En août 2017, l’ancien commissaire de la police islamique de Gao (nord), Aliou Mahamame Touré, a également été condamné par une cour d’assises à Bamako à une peine de dix ans de prison pour « atteinte à la sûreté intérieur de l’Etat, de détention illégale d’armes, d’association de malfaiteurs et de coups et blessures aggravés ».
Les limites de l’accord d’Alger
Selon le Professeur Keita, l’Accord d’Alger comporte des manquements qui poseront des problèmes dans sa mise en œuvre.
«Les mesures du présent accord doivent être mises en œuvre durant une période intérimaire qui prend effet immédiat après la signature de l’Accord d’Alger pour la paix et la réconciliation au Mali […] et devant s’étaler sur une durée allant de dix-huit à vingt à quatre mois », indique l’accord d’Alger consulté par Ouestafnews.
Selon le professeur Joseph Brunet-Jailly, la négociation d’Alger a été engagée sans que la population du Nord « hostile » à la partition du pays y soit représentée.
«Dans ce contexte, une partie au moins des éléments du Groupe d’autodéfense touareg imghad et alliés (GATIA) et de la Plateforme (ensemble des groupes armés « hostiles » à la partition du Mali) représente les intérêts de populations qui sont en conflit depuis toujours avec les Ifoghas, et que ces derniers veulent conserver sous leur coupe avec […] l’appui des occidentaux », a souligné M. Brunet-Jailly dans une tribune parue sur le site de Mediapart.
Et pour le président des Forces alternatives pour le renouveau et l’émergence (Fare), Modibo Sidibé, l’accord d’Alger ne règle pas les questions fondamentales concernant la stabilité du pays.
«La disposition qui consiste à ‘’assurer une meilleure représentation des populations du nord du Mali dans les institutions et grands services, corps et administration de la République’’ est une violation de notre Constitution, des règles et valeurs républicaines qui ne saurait admettre ni une administration partisane, ni une administration communautariste », a-t-il soutenu.
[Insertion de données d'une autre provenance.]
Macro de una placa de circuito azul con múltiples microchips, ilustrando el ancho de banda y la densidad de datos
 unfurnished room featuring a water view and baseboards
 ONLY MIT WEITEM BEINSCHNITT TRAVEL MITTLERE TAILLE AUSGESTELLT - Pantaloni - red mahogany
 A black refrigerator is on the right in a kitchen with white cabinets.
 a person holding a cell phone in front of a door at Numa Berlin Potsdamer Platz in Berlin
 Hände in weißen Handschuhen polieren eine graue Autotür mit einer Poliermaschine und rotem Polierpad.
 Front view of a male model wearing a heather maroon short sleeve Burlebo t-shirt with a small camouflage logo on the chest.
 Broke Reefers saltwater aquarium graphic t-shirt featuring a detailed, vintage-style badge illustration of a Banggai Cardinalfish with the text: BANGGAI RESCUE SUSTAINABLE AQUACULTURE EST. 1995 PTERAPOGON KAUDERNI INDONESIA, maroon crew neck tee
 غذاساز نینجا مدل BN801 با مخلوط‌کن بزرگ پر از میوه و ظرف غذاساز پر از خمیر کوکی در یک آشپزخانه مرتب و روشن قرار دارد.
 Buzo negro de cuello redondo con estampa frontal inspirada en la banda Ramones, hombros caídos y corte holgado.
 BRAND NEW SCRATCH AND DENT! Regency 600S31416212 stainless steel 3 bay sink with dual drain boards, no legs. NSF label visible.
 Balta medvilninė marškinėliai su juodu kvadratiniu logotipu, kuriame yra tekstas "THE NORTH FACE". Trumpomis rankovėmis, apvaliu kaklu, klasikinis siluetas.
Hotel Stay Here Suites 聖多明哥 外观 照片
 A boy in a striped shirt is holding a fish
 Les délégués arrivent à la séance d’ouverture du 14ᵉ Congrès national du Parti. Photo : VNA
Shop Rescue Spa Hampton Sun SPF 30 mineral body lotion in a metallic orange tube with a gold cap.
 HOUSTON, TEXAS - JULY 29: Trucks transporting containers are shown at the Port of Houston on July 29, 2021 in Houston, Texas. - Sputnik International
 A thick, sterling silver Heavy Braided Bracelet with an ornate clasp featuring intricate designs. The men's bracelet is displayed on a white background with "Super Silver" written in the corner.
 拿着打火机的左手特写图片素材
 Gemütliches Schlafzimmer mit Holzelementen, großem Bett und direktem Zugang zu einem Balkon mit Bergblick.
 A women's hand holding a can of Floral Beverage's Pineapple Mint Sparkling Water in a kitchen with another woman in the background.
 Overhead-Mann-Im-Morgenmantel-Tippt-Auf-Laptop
En février 2017, l’installation des autorités intérimaires à Kidal, a été bloquée par les ex-rebelles de la Coordination des mouvements de l’Azawad (CMA) qui contrôlent cette zone.
Au mois de juillet 2017, les signataires (Coordination et la Plateforme) n’ont pas pu s’entendre sur la composition du Comité de suivi de l’accord (CSA), une dissension « jouant considérablement sur cette étape jugée cruciale dans l’application de l’accord » d’Alger, écrivait RFI. Pour les observateurs du dossier, ces blocages étaient prévisibles car «les mouvements sont très hétérogènes», ajoutait la même source.